Ooze Oo R Ooo?

     If you hate baby talk, you have a lot of company.  One of Irving Berlin’s lesser hit songs dealt with how it set his teeth on edge, and I have been running through the bookshelves in my brain to come up with authors who made the attempt successfully.  I had no problem with a couple of novels by Mazo de la Roche (NOT her famous Jalna books) and a long but forgotten book by Lewis Carroll which I enjoyed.  But I read those all a long time ago, and will not go out on a limb for them.

     None of which, of course, kept postcard artists from attempting this unloved dialect.  Here, as elsewhere, certain rules do apply.  Babies themselves almost never speak in baby talk.  Baby talk is more commonly something that otherwise apparently normal human beings use for speaking TO babies.  As every cartoonist knows, it is more entertaining when actual babies speak in full sentences and discuss complex moral and philosophical problems.

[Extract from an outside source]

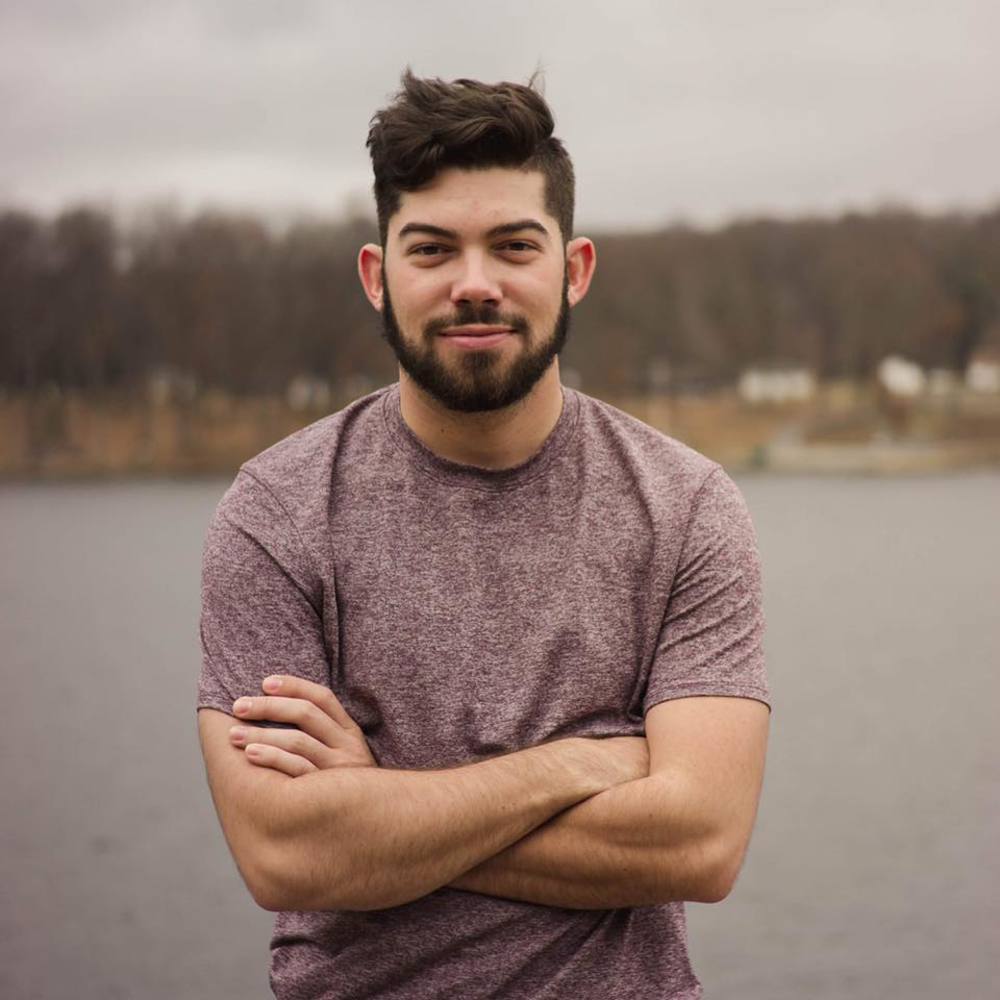 Meet your Posher, Nick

     It is also, as seen here, often used for speaking to small, fuzzy animals.  This is true of the world outside of postcards as well.

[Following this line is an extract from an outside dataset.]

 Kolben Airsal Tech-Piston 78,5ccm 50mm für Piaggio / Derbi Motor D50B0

     But baby talk, as Irving Berlin observed in his song “Snooky Ookums”, is at its most nauseating when used between two adults whose romance is going through a sickeningly sweet stage.  It reflects a principle we have discussed hereintofore: some concepts just seem easier to approach when spoken of with an accent.

     The postcard artists used this to great effect in the 1910s or thereabouts with the mammoth phenomenon of Dutch accents on postcards.  And having a CHILD voice those sentiments removed the danger by one more degree.  This is one of the reasons for the millions of postcards featuring Dutch kids in the 1910s.

     But we have walked under those windmills many times.  Today we are sticking to children speaking of romance, and in baby talk, so if some grownup (mostly) lover was frowing kisses by mail at the wrong person, one could always pretend it was all a joke.

     This does not seem to have been nearly as popular as the Dutch kid postcards, perhaps because there were plenty of people in the United States at that time who still spoke with foreign accents to make fun of (and who enjoyed having their accents recognized.)  But even then, people just got shudders hearing grown-ups address each other with THIS accent in public.  A number of potential customers may have turned away from these cute kids due to a memory of using this lingo.  Belated embarrassment may explain why we make that face when we hear it or see it later.

     It might be useful if we went through our memories and postcards and books now to compile a glossary of baby talk, explaining the various usages (they are not uniform, so this is probably good dissertation material).  This will be helpful to future readers, in an age when humanity has outgrown the practice.

     Thus that brave new world will be able not only to read the ancient texts in which grade schoolers address each other as “booful” so adults don’t have to, but also understand the names of such classic toys as the Booful Beans doll (from early in the beanbag doll craze of the most recent century.)  Much cultural data may be lost to them if we don’t move now to….

     What’s that?  You don’t think we will ever, as a species, outgrow the urge to say “Oose wittow tweeheart is oo?”  You have a point there.  One should never deny the contrariness of the human race.  Even if it does lead you to go find comfort in the bottle.  (Test the temperature on your wrist first.)